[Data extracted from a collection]
BEGIN
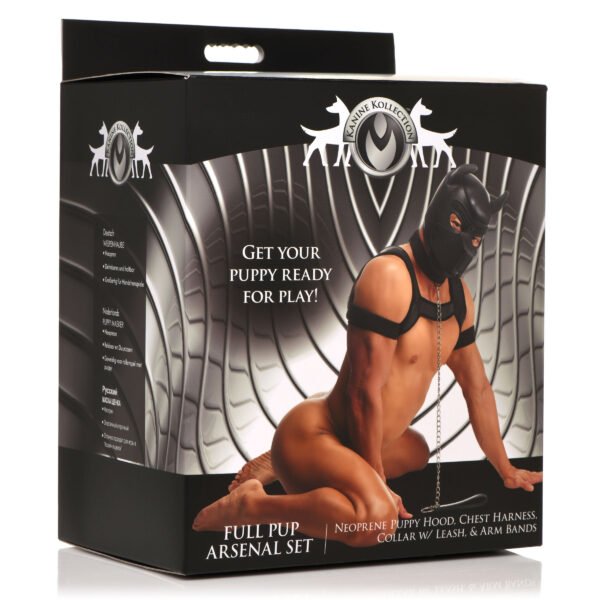 Full Pup Arsenal Set - Image 7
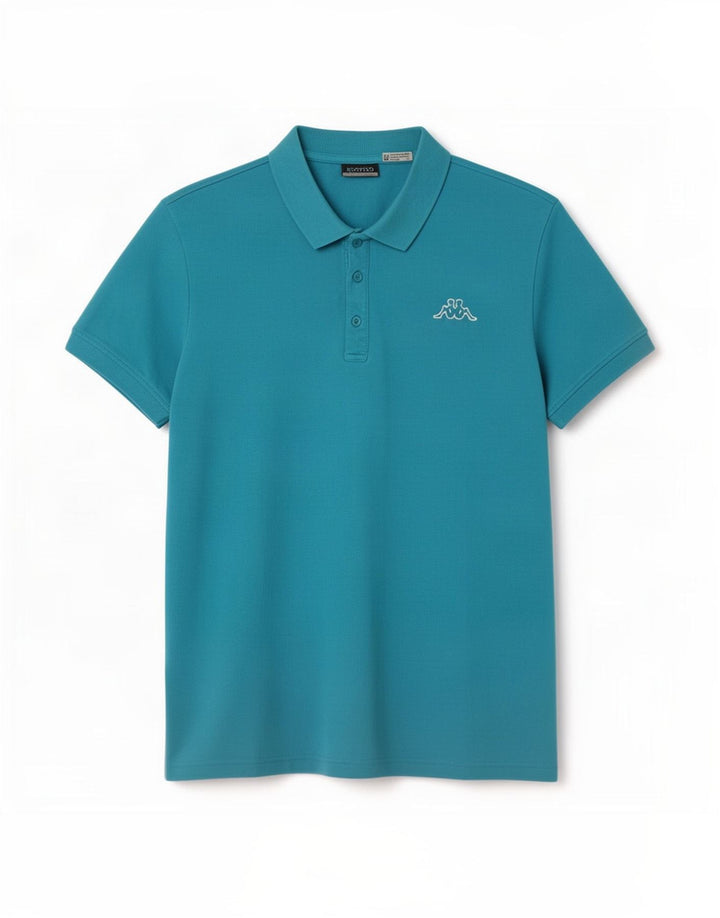 Camisa polo masculina Kappa 2XL azul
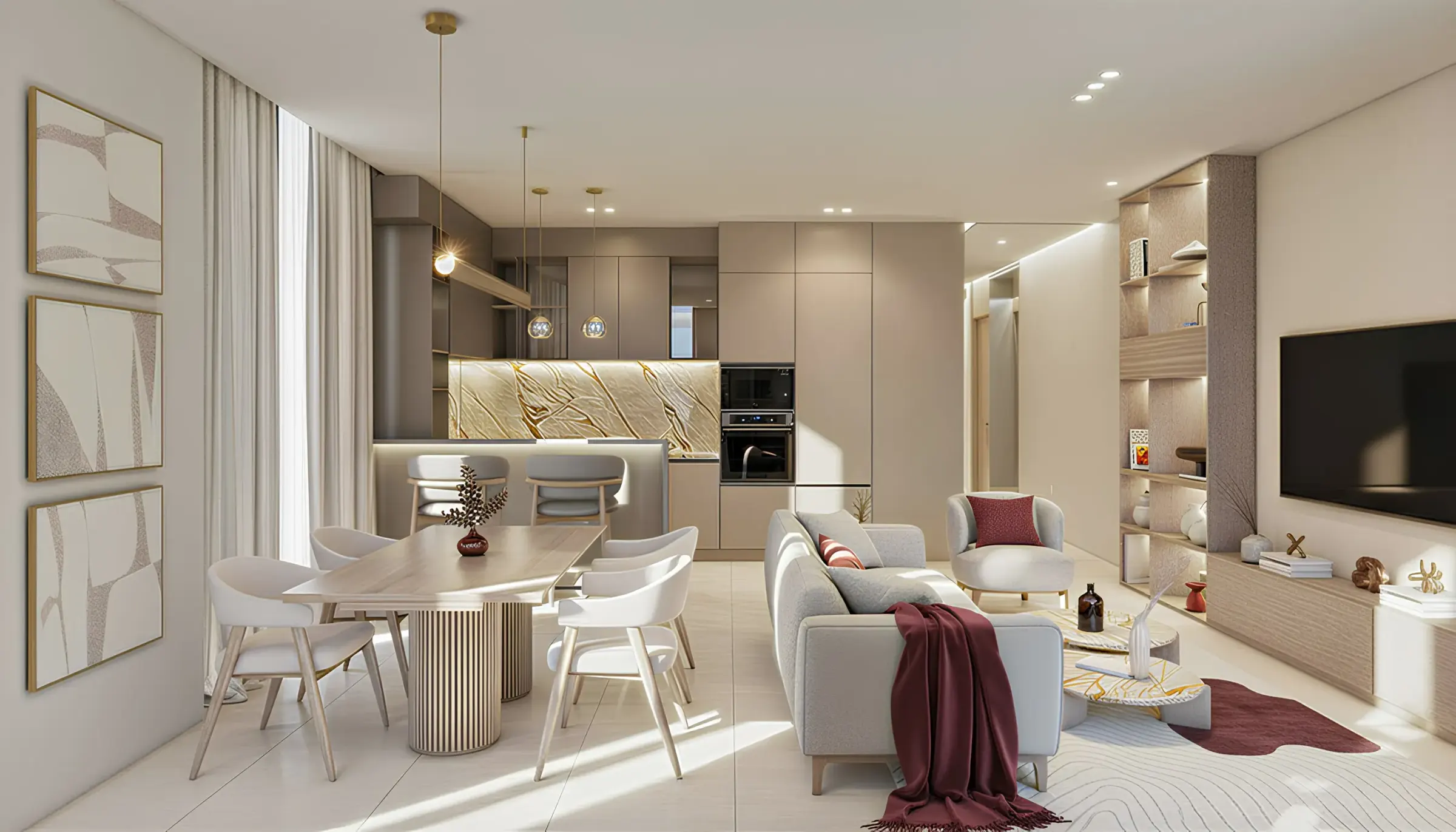 HOLM One — view 16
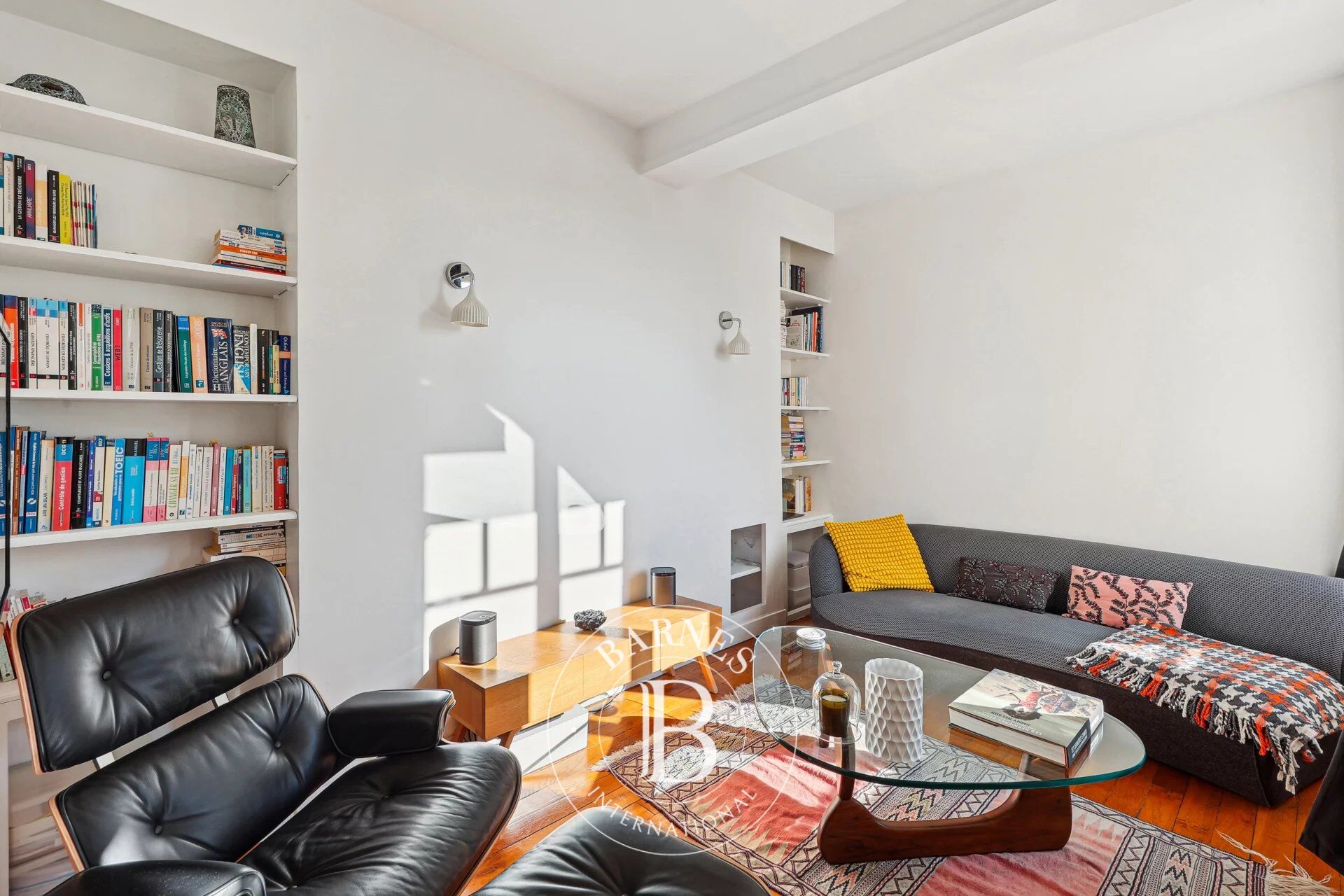 Wohnung Paris 10ème - picture 1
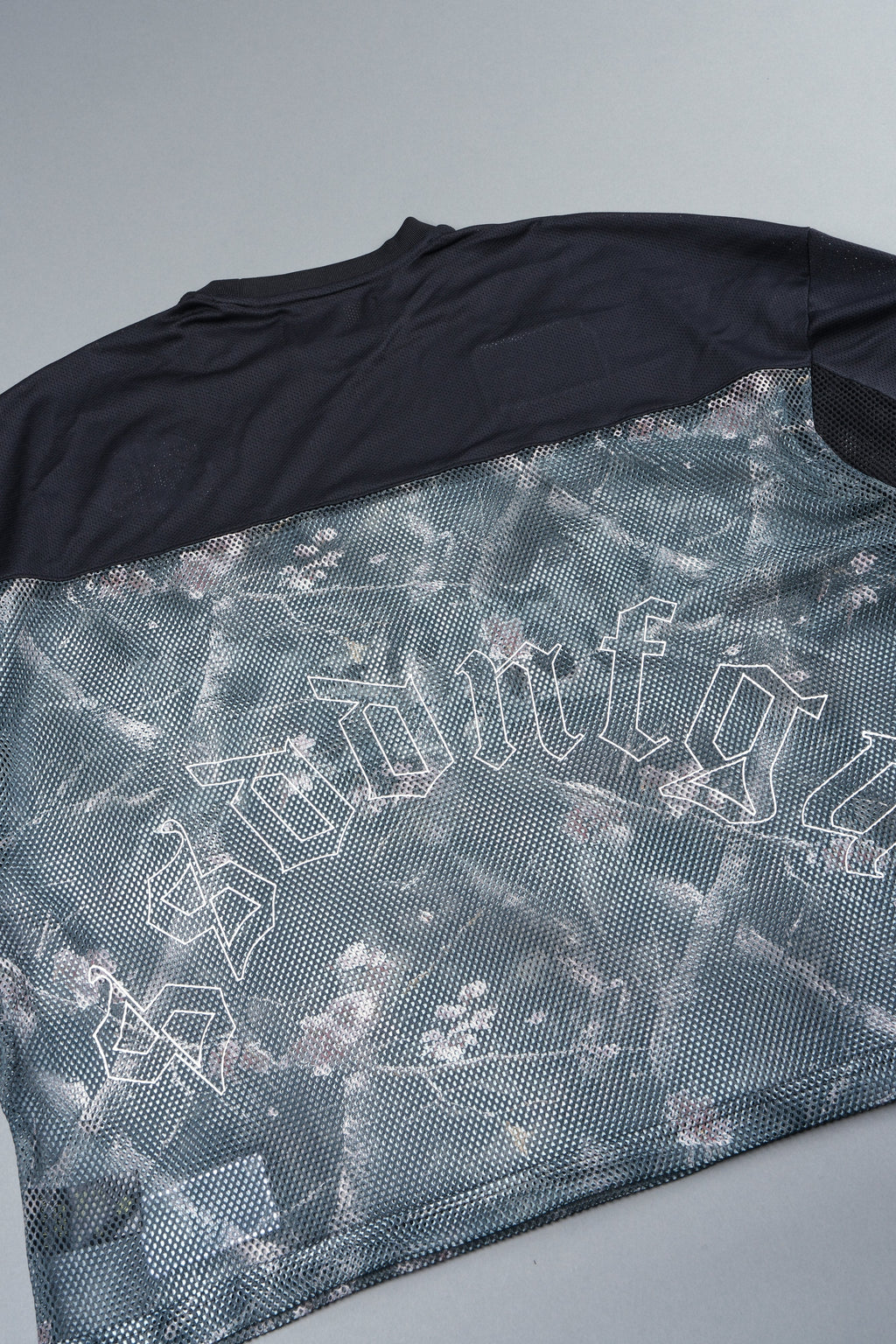 Hesh Core Bobby B Jersey In All Of Us Camo - imagem 10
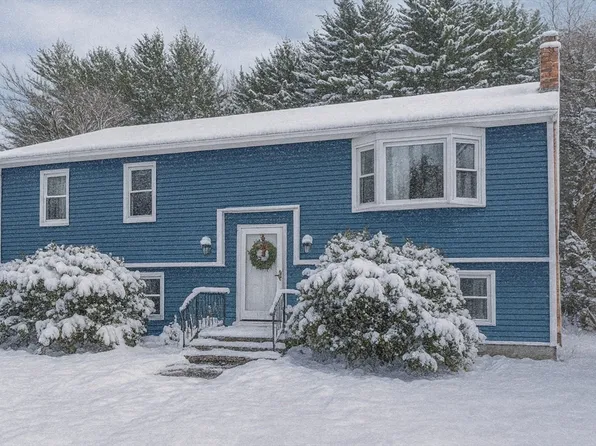 664 Bay Rd, Belchertown, MA 01007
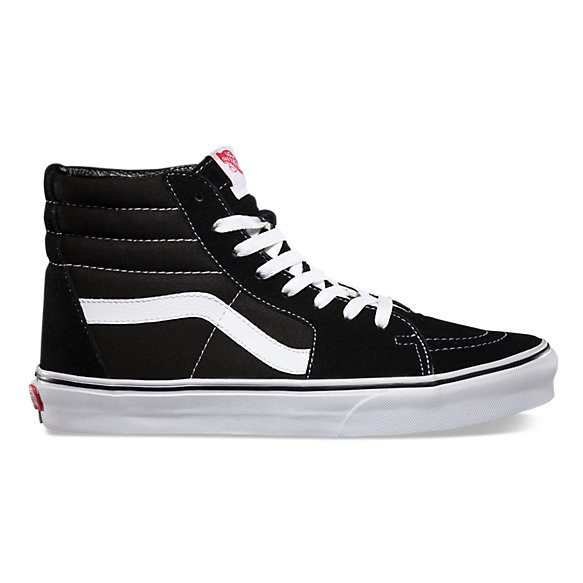 vans skate high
END
Your task is to transcribe, exactly and without additions, every line from the one that contains "Wohnung Paris 10ème - picture 1" to the end of the entries above, both included. Omit all pictures.

 Wohnung Paris 10ème - picture 1
 Hesh Core Bobby B Jersey In All Of Us Camo - imagem 10
 664 Bay Rd, Belchertown, MA 01007
 vans skate high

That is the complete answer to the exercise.